The year is 1918, and DiCaprio's World War I veteran Ernest Burkhart has newly arrived in Fairfax, Oklahoma, to work for his uncle, the cattle rancher William “King” Hale (Robert De Niro). Fairfax has recently become a wildly prosperous city due to the vast reserves of oil under Osage Nation land – acreage the Native Americans were unceremoniously relocated to and bequeathed by the federal government, which had no notion of its potential value. Although the denizens are now the wealthiest people around – some of the wealthiest people in the United States – and the city is thriving, it's unclear what, precisely, Ernest plans to do in Fairfax. He has no experience in the herding of cattle, few other skills to speak of (we learn that Ernest spent his combat-free military tenure as a cook), and no clear plan for himself. All we do know, based on Ernest's initial interview with his uncle, is that the young man wants to (a) get rich, and (b) get laid – the precise combination King is looking for. A showy “friend” to the Osage who even speaks their language, King and his minions secretly want nothing more than to separate the Native Americans from their riches and their land. How would Ernest feel, King asks, about working as a cab driver, and possibly wooing and wedding the Osage Mollie Kyle (Lily Gladstone), a diabetic whose property, in the event of her death, would automatically fall to Ernest?

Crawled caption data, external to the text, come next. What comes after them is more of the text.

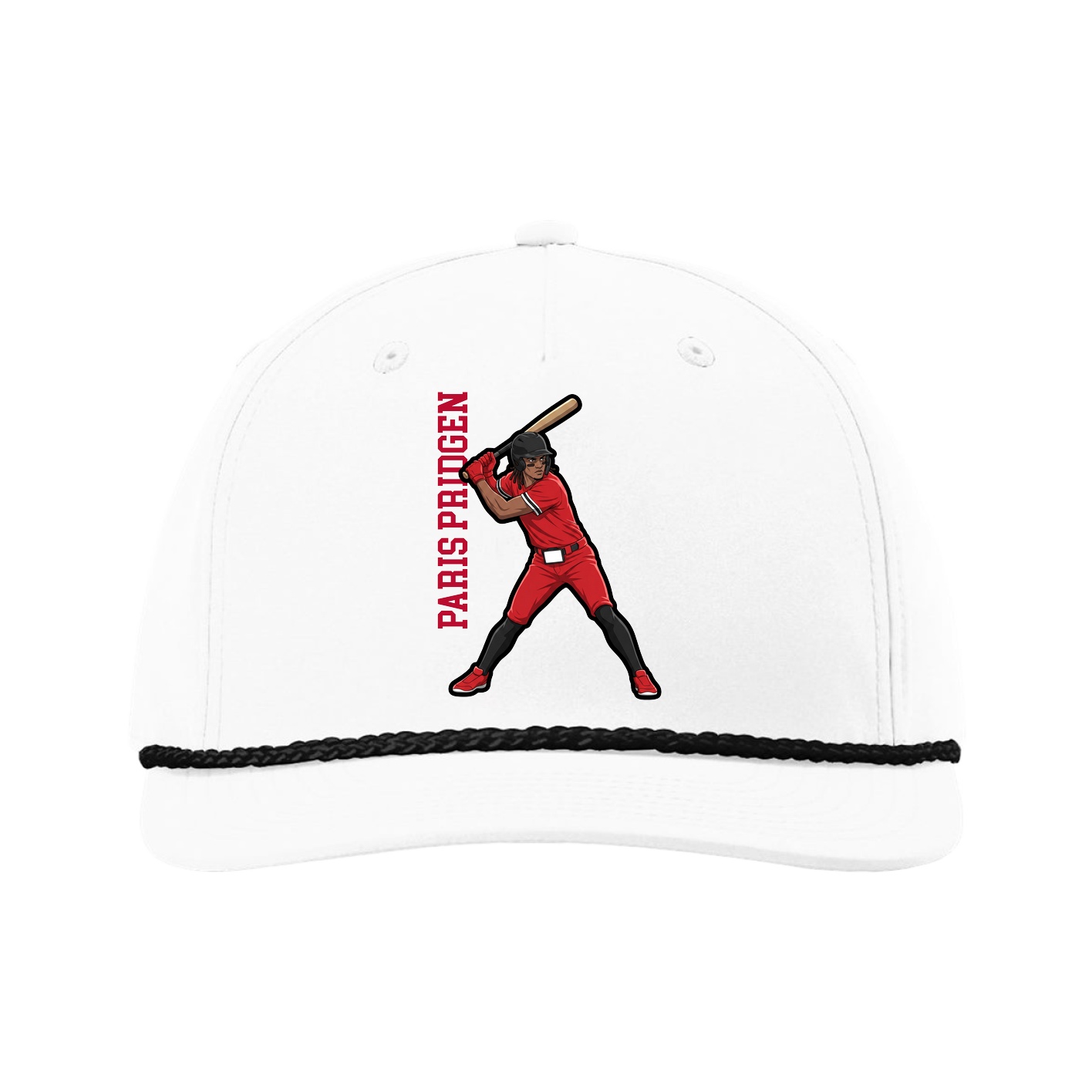 Five-Panel Classic Rope Cap — Name Vertical in White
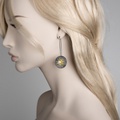 Impressive silver earrings with gold inlay and fresh water pearls
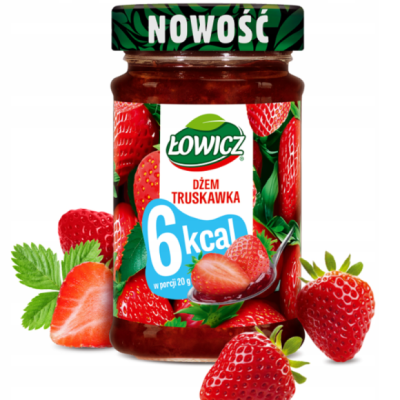 Łowicz DŻEM o smaku TRUSKAWKA niskokaloryczny 6 KCAL 200g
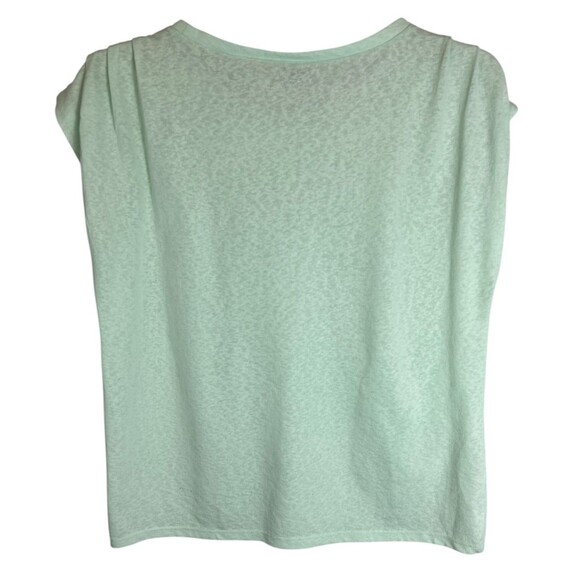 Ann Taylor Factory Pleated Shoulder Tee Linen Knit Top  Size L   Mint Green - Picture 2 of 4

I should add a caveat to that “automatically,” because it's not merely Mollie who would have to die for Ernest to legally inherent her fortune. So would all of her living relatives: parents, siblings, and, in the event she has them, children. Such is the hideous context for the murders continually perpetuated in Killers of the Flower Moon, with King too charming and sociable to be seen as the monster he is, and Ernest too weak-willed and shapeless to do anything but cater to his uncle's wretched scheme. The only hitches in King's plan are that Ernest, in his courtship and eventual marriage, falls deeply in love with Mollie, and Mollie, despite knowing better (“Coyote wants money” she says to Ernest with a teasing half-smile), falls deeply in love with him. Given the casting, Ernest's ardor is completely understandable. Mollie's, alas, is less so.

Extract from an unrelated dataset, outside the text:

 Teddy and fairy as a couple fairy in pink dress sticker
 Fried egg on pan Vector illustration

Aside from the vital, long-overdue history lesson provided, Lily Gladstone is the hands-down-best reason to see Scorsese's opus. Radiantly watchful (and watchable), her Mollie is only occasionally employed to exemplify the stalwart decency of the besieged Osage people. At least early on, this woman is shrewd, funny, self-assured, and of no temperament to suffer fools, and Gladstone makes Mollie remarkably vivid despite the majority of her screen time requiring her to either suffer near-operatic sorrow or descend into further and further states of emotional and physical disintegration. The movie is based on David Gann's celebrated 2017 nonfiction, a book whose central figure is both a figurative and literal White Savior: Tom White, the pre-FBI Bureau of Investigation agent who ultimately cracked the Osage-massacre case. White is played in the film, with gentility and polite determination, by the reliably excellent Jesse Plemons. Yet the role is basically an extended cameo, and it was wise, I think, of Scorsese and Roth to instead opt to spotlight Mollie – not just because of the rich connection it gives us to the Osage and their plight, but because the weight of their struggle is so effectively communicated in Gladstone's eyes and bearing. She's extraordinary in Killers of the Flower Moon, and through no fault of her own, my one ding on her performance is that she isn't able to fully sell Mollie's adoration of Ernest. I'm not sure that anyone could.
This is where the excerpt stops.